## What to work on
Please print the entries below exactly, from the line with "Philip Kelly, Man (Yellow), metal, 38/130" through the line with "Send professional invoices to clients", including both of those lines and leaving out all others.

Stored entries:
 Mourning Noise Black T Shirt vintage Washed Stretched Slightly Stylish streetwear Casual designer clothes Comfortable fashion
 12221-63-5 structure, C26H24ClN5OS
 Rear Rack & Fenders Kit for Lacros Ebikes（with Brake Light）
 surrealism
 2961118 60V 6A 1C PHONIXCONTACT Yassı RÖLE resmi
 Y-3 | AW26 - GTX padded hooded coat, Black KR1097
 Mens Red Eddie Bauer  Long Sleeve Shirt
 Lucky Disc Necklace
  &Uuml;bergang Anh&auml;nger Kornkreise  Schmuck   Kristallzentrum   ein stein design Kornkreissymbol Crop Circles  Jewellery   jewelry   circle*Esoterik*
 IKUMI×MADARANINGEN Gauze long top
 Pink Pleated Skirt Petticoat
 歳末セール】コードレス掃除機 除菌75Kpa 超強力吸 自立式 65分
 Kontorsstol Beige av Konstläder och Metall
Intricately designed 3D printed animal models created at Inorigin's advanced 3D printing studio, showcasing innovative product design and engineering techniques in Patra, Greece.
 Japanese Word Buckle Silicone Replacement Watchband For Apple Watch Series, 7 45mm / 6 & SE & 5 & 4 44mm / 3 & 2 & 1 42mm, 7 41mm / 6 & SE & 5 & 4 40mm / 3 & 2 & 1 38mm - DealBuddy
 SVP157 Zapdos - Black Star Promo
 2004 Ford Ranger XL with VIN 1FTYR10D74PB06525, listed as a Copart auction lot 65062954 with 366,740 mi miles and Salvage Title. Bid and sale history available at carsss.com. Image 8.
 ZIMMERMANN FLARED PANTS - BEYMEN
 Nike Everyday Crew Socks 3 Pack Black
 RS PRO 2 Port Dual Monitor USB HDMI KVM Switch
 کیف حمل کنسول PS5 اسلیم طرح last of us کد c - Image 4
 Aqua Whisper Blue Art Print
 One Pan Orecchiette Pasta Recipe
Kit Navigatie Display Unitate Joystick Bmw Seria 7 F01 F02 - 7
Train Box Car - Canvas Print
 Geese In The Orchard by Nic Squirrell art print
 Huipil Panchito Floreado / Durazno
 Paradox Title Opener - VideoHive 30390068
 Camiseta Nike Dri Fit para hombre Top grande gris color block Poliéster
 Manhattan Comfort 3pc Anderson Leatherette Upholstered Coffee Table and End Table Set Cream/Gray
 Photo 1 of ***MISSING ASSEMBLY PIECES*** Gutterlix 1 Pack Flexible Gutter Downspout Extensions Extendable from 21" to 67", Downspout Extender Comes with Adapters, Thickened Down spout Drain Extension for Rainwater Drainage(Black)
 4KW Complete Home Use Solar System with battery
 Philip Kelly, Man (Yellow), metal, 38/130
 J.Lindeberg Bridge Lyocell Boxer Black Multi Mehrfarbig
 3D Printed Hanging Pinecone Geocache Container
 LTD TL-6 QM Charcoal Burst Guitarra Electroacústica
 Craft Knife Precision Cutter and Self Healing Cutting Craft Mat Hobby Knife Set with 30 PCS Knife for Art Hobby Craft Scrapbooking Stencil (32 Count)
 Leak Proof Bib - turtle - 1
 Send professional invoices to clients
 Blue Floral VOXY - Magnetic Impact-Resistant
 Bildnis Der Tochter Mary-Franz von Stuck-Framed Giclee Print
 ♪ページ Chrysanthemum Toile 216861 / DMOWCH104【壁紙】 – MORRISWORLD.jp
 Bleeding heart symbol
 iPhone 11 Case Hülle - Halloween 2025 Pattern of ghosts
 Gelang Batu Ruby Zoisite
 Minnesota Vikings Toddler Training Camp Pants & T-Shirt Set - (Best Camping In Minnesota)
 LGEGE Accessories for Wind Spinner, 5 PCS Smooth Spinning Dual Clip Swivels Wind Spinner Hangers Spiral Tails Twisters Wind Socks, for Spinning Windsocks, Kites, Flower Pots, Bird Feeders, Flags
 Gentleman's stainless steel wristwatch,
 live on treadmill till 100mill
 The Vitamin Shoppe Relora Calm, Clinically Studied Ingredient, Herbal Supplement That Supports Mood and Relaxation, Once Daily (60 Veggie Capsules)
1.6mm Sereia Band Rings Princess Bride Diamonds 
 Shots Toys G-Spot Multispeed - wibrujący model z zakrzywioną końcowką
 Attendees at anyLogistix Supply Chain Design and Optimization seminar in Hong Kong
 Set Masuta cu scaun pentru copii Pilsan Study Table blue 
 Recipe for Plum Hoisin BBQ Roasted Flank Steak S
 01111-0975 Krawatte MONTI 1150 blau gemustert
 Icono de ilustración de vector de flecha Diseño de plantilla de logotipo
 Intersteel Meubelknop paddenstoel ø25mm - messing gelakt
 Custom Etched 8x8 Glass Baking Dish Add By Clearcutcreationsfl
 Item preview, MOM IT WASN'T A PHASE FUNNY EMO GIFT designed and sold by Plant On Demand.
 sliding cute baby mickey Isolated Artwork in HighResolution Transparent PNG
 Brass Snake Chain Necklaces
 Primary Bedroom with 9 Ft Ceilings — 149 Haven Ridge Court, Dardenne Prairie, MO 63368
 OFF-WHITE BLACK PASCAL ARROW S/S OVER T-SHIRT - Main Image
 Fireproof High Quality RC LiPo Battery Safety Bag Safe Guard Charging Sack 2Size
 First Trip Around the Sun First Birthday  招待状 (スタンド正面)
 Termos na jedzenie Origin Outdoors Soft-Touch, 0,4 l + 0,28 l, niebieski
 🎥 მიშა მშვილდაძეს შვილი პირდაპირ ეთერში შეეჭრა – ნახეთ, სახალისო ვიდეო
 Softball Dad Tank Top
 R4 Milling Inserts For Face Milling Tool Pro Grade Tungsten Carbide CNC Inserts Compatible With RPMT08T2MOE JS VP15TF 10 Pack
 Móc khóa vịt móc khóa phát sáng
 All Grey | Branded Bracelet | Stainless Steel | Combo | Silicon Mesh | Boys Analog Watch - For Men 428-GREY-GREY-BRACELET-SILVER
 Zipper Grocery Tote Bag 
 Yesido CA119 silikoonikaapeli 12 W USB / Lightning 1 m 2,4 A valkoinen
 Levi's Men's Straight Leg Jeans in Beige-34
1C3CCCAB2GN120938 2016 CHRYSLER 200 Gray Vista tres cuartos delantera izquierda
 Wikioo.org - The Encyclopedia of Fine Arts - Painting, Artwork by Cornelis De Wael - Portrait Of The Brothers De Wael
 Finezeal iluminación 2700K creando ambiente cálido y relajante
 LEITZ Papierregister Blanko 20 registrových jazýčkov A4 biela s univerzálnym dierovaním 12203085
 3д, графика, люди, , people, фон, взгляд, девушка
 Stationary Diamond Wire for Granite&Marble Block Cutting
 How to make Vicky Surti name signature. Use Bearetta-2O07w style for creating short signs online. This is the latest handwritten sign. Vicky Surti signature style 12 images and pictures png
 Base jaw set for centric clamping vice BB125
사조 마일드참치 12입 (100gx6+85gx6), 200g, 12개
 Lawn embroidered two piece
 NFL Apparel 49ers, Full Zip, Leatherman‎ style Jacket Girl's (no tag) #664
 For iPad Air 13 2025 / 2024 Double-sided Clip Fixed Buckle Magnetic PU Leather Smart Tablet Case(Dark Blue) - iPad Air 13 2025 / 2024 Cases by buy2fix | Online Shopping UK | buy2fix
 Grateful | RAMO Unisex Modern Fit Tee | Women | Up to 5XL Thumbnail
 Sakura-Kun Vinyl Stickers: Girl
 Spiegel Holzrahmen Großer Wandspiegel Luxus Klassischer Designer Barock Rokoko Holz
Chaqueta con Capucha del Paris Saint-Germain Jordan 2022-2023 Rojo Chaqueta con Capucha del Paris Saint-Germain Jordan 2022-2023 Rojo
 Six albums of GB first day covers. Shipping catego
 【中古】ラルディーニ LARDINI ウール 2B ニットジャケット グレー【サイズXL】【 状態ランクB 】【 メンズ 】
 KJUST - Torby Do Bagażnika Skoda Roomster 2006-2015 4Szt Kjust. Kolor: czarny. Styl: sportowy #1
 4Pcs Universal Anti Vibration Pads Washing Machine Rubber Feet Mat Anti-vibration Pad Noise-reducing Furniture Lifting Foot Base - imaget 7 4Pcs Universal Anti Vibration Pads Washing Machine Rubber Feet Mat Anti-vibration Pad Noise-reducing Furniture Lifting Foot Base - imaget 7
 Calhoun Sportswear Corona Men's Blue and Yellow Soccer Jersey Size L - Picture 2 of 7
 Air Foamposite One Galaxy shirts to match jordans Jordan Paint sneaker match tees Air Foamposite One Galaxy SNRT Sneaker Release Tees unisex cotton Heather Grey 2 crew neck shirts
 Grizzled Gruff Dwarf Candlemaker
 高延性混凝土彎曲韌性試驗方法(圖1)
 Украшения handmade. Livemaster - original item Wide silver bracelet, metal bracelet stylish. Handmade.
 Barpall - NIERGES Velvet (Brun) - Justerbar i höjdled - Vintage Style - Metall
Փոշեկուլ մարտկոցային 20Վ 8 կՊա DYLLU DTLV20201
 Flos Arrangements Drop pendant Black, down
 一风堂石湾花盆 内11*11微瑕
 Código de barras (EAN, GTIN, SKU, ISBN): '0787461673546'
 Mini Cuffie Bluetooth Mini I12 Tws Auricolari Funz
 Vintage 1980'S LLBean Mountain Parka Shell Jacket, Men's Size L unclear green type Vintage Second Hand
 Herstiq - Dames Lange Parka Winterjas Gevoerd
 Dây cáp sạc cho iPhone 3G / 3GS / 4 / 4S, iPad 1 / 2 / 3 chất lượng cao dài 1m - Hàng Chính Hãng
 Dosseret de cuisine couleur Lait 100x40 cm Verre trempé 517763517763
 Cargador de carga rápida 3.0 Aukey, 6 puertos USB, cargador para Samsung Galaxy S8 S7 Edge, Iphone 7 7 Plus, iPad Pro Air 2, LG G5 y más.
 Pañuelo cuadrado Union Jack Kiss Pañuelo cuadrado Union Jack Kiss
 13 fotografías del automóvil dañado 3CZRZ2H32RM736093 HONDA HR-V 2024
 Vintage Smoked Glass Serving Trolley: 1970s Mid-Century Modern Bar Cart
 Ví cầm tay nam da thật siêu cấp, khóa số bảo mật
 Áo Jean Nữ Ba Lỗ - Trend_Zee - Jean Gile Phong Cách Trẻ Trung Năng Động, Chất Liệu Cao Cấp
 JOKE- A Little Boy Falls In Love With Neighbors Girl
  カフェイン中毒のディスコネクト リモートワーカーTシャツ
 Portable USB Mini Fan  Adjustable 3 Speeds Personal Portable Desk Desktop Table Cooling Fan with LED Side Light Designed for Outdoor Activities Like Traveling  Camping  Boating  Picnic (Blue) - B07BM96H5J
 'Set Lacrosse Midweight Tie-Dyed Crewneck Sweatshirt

## Result of the exercise
 Philip Kelly, Man (Yellow), metal, 38/130
 J.Lindeberg Bridge Lyocell Boxer Black Multi Mehrfarbig
 3D Printed Hanging Pinecone Geocache Container
 LTD TL-6 QM Charcoal Burst Guitarra Electroacústica
 Craft Knife Precision Cutter and Self Healing Cutting Craft Mat Hobby Knife Set with 30 PCS Knife for Art Hobby Craft Scrapbooking Stencil (32 Count)
 Leak Proof Bib - turtle - 1
 Send professional invoices to clients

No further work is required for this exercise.